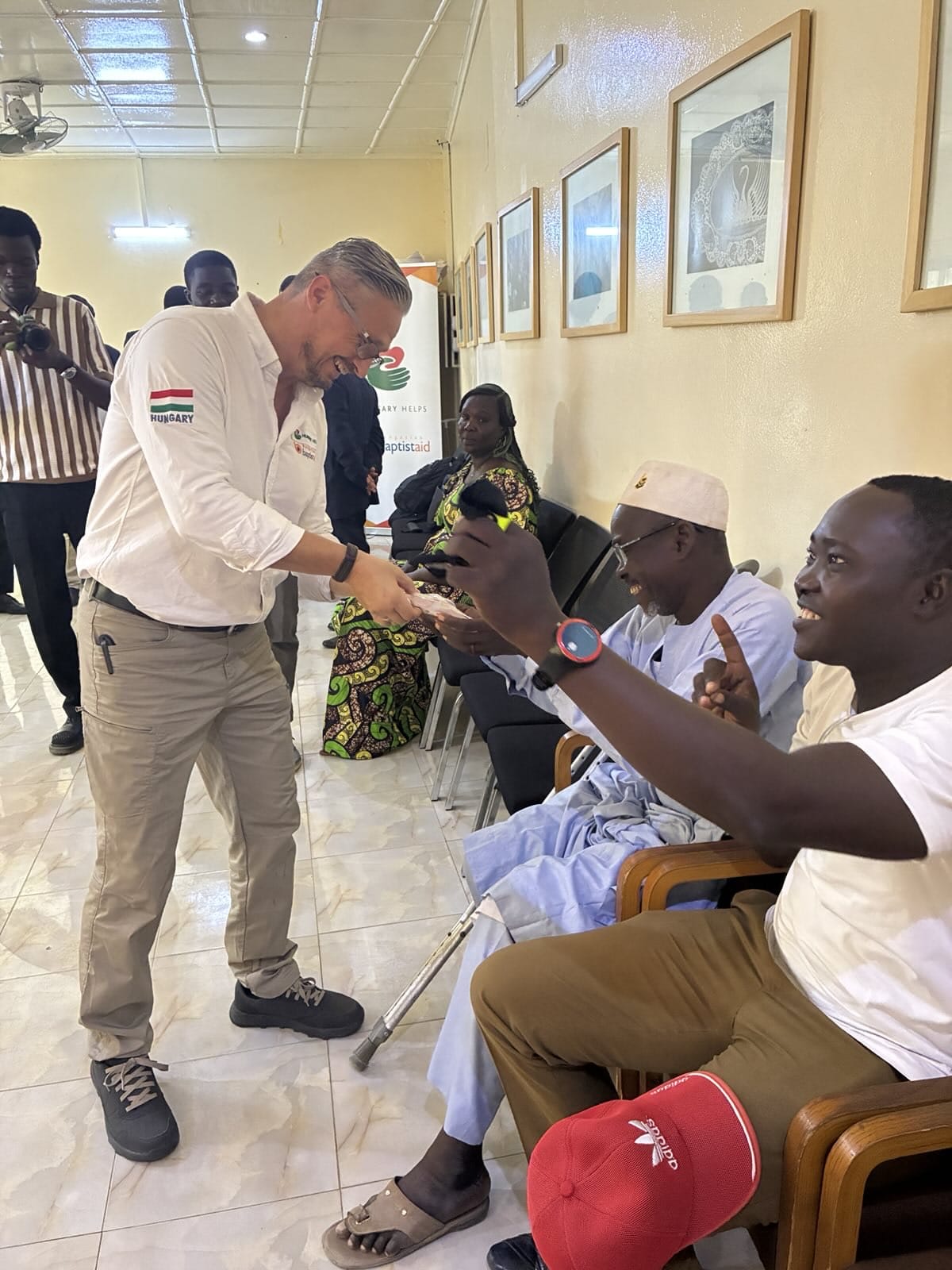 Tchad : BaptistAID et Hungary Helps poursuivent les examens ophtalmologiques et la distribution de lunettes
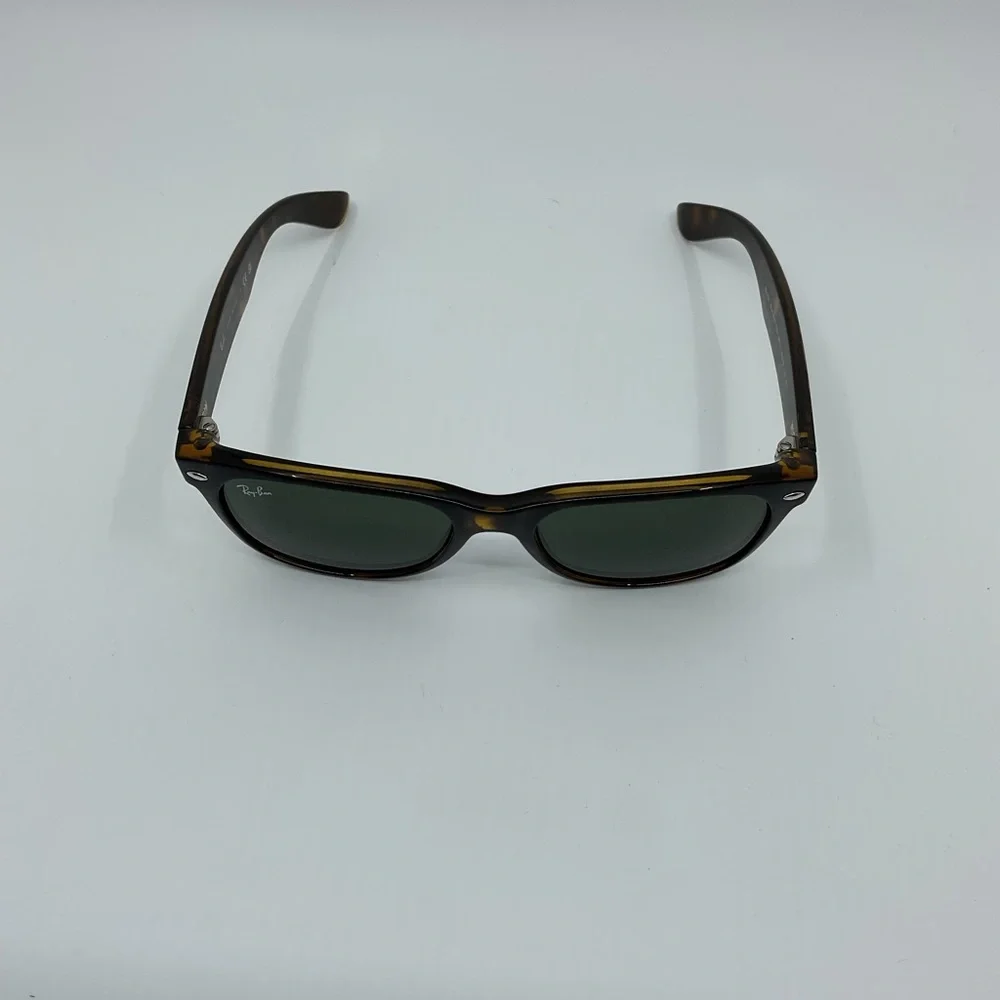 Ray-Ban New Wayfarer Classic Tortoise Shell Sunglasses - Picture 3 of 10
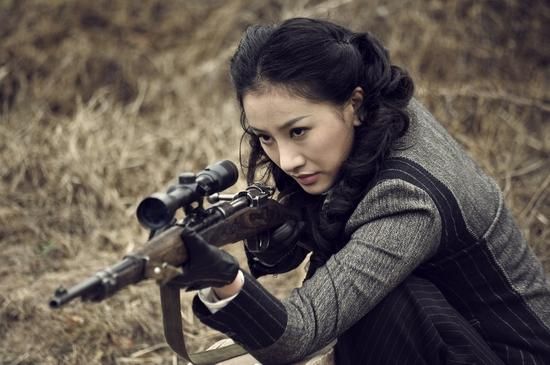 《致命名单》火热拍摄 朱子岩化身亮丽女特务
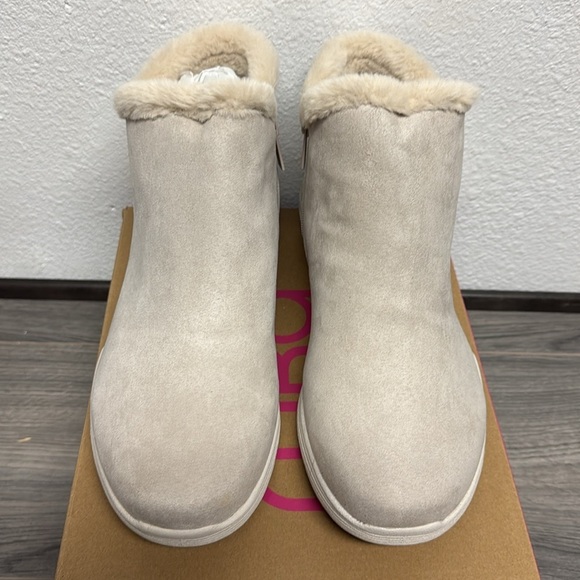 Ryka Nimbus Weatherproof Women's Ankle Boots (WIDE) - Picture 4 of 6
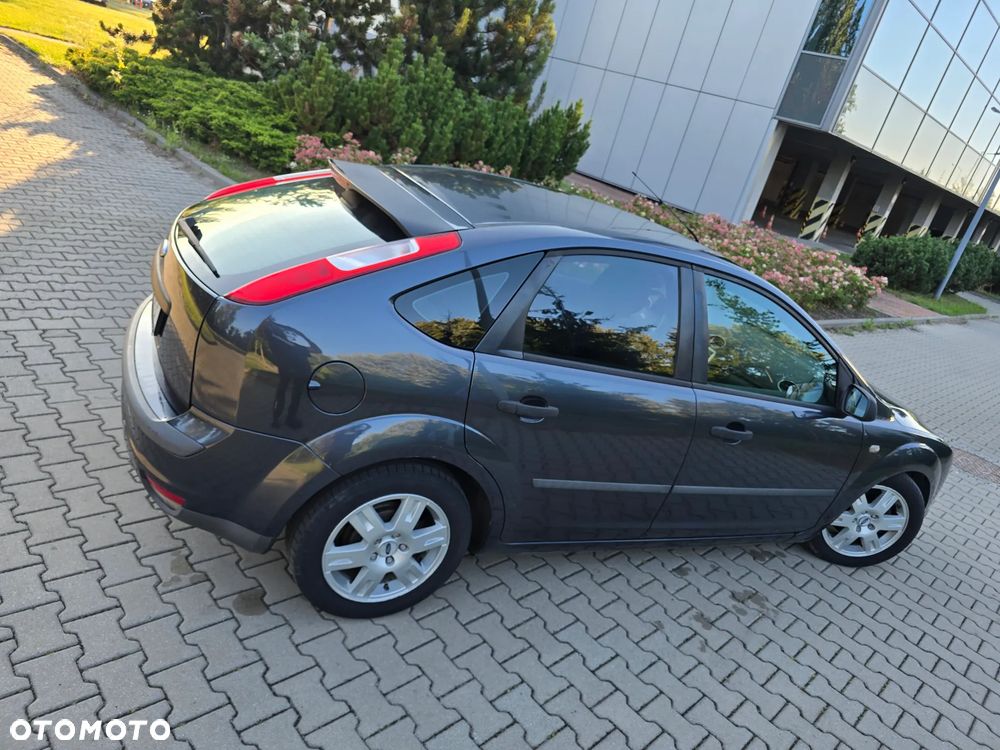 Ford Focus 1.6 Ambiente - 5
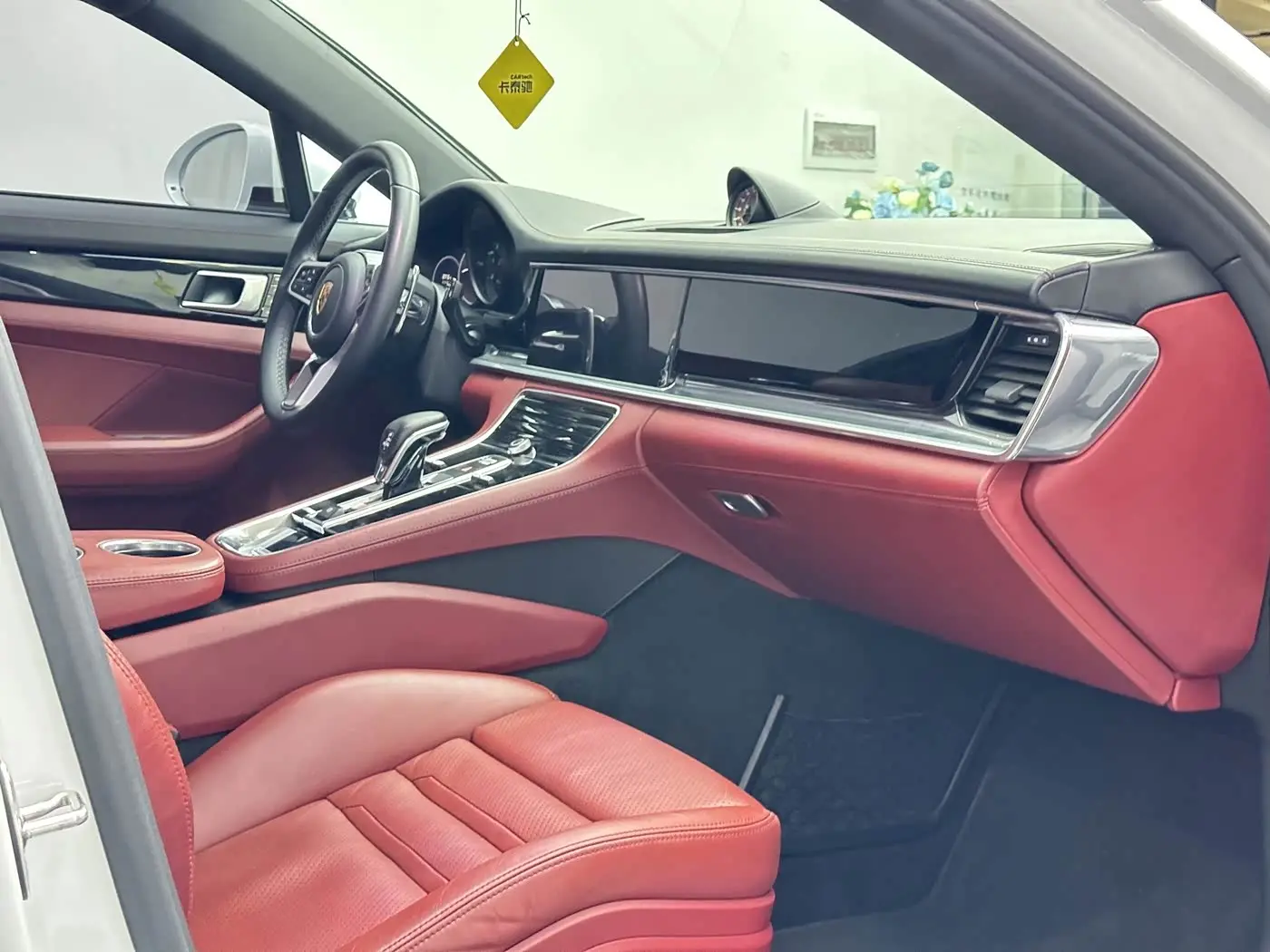 Porsche Panamera 2019 — Photo 15/20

Problem to work on: For this exercise, transcribe exactly only the lines from the one containing "Ryka Nimbus Weatherproof" through the end of the listing, inclusive, without the pictures.

Result of the exercise:
 Ryka Nimbus Weatherproof Women's Ankle Boots (WIDE) - Picture 4 of 6
 Ford Focus 1.6 Ambiente - 5
 Porsche Panamera 2019 — Photo 15/20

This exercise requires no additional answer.